* Records supplied:
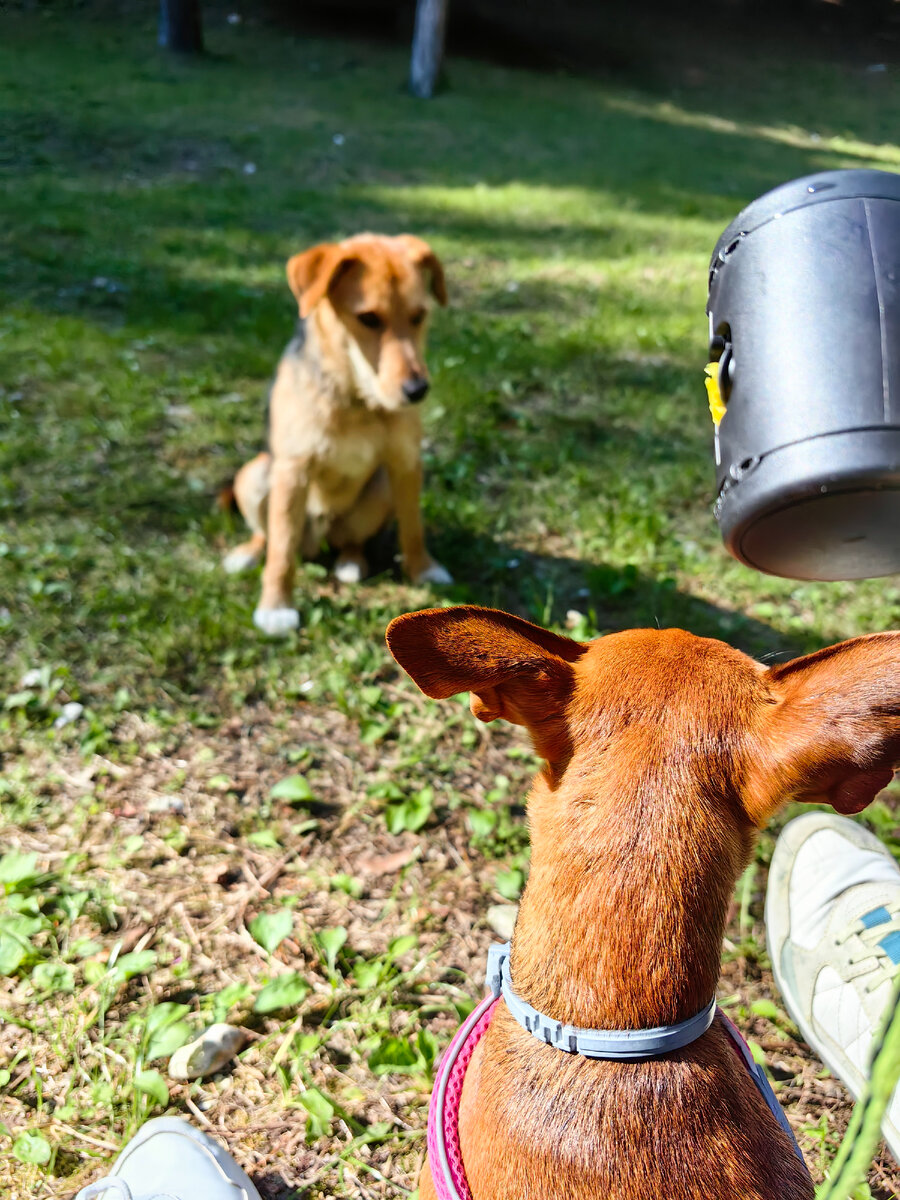Наша шкурка слишком любвеобильна и часто сама ко всем пристает.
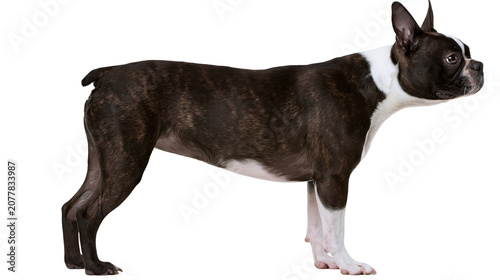 Obraz na płótnie Boston Terrier dog brindle white markings standing profile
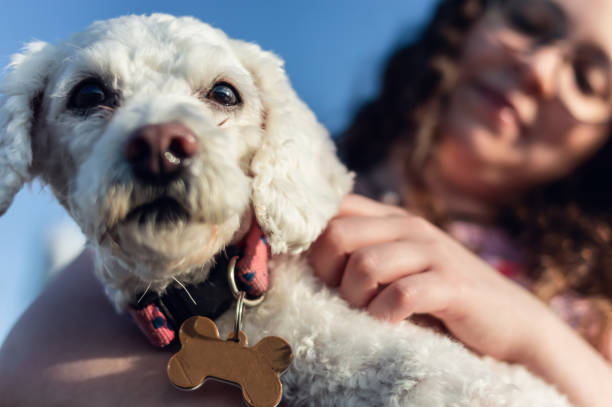 close up of beautiful white poodle dog looking at the camera while being carried by his owner. stock photo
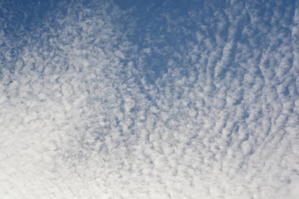 うろこ雲と鳥 - 三宅島風景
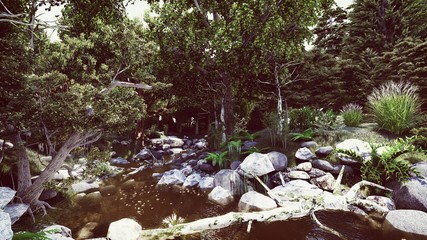 a river in the forest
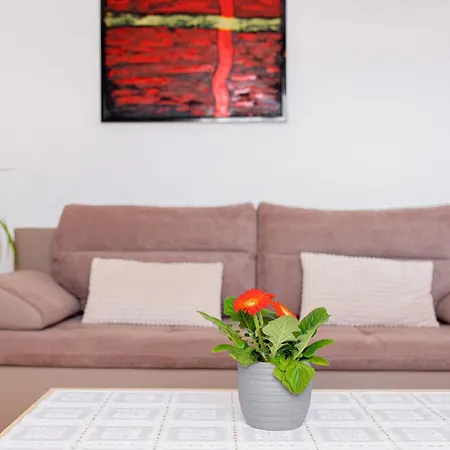 Apartment Casa La Mare -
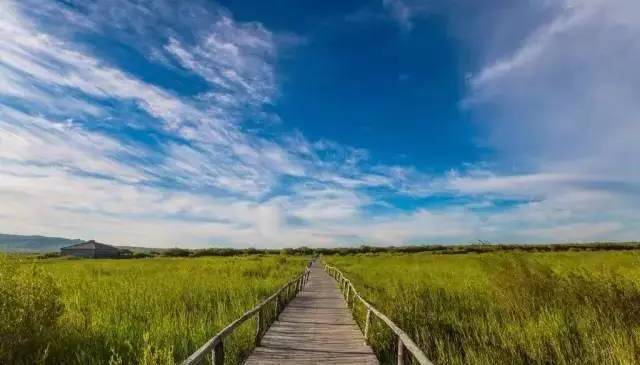 国产精品免费观看视频 国产观这样不仅能保护隐私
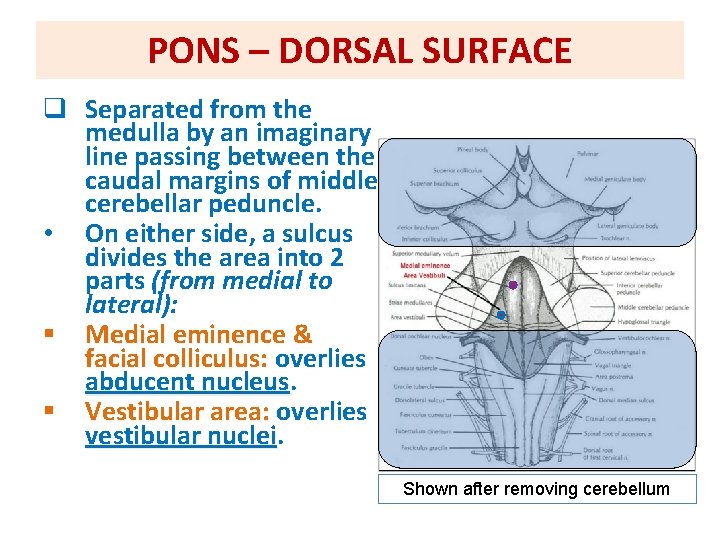 PONS – DORSAL SURFACE q Separated from the medulla by an imaginary line passing
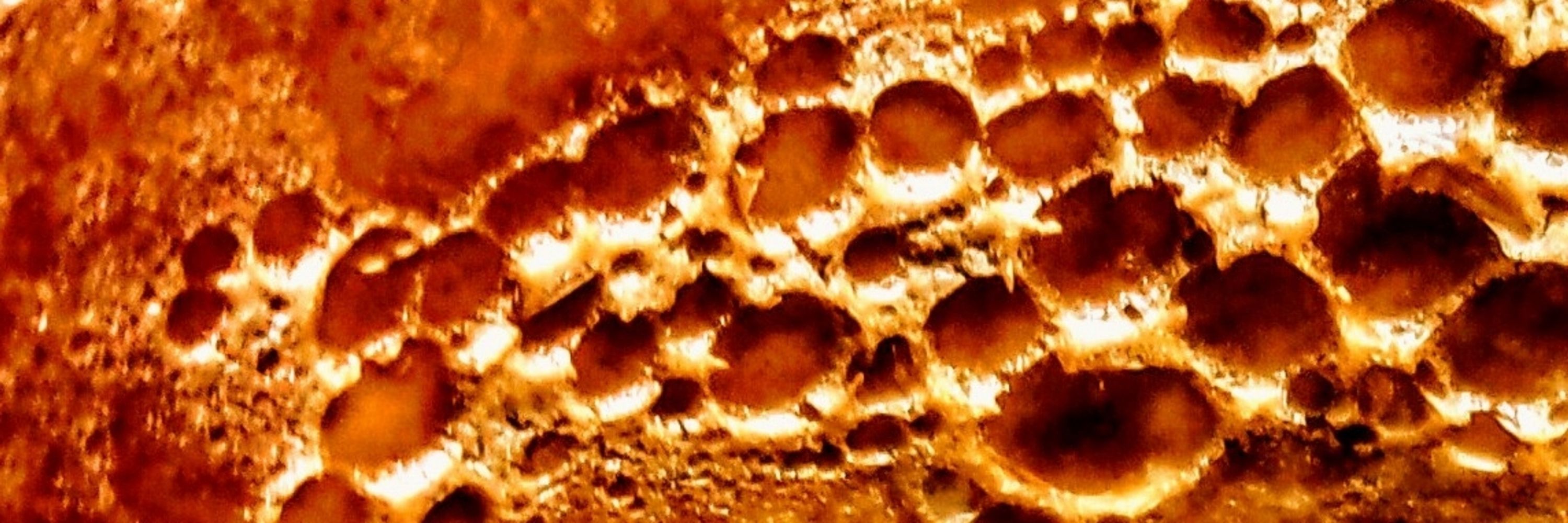 Peer Nelenugrek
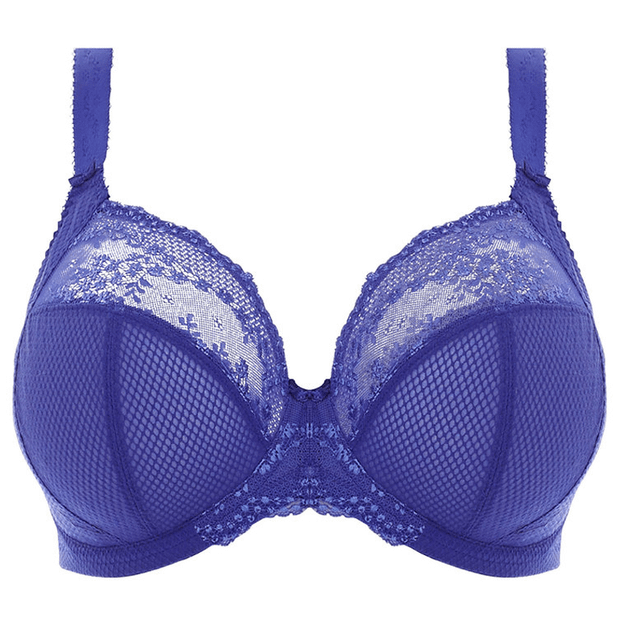 Elomi Charley Plunge BH Ultramarine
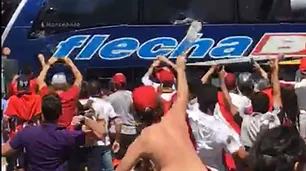 Cría chanchos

* Task statement: Reproduce nothing but the lines from the line containing "Obraz na płótnie" through the last line of the data above, exactly as written and without pictures.

* Response:
 Obraz na płótnie Boston Terrier dog brindle white markings standing profile
 close up of beautiful white poodle dog looking at the camera while being carried by his owner. stock photo
 うろこ雲と鳥 - 三宅島風景
 a river in the forest
 Apartment Casa La Mare -
 国产精品免费观看视频 国产观这样不仅能保护隐私
 PONS – DORSAL SURFACE q Separated from the medulla by an imaginary line passing
 Peer Nelenugrek
 Elomi Charley Plunge BH Ultramarine
 Cría chanchos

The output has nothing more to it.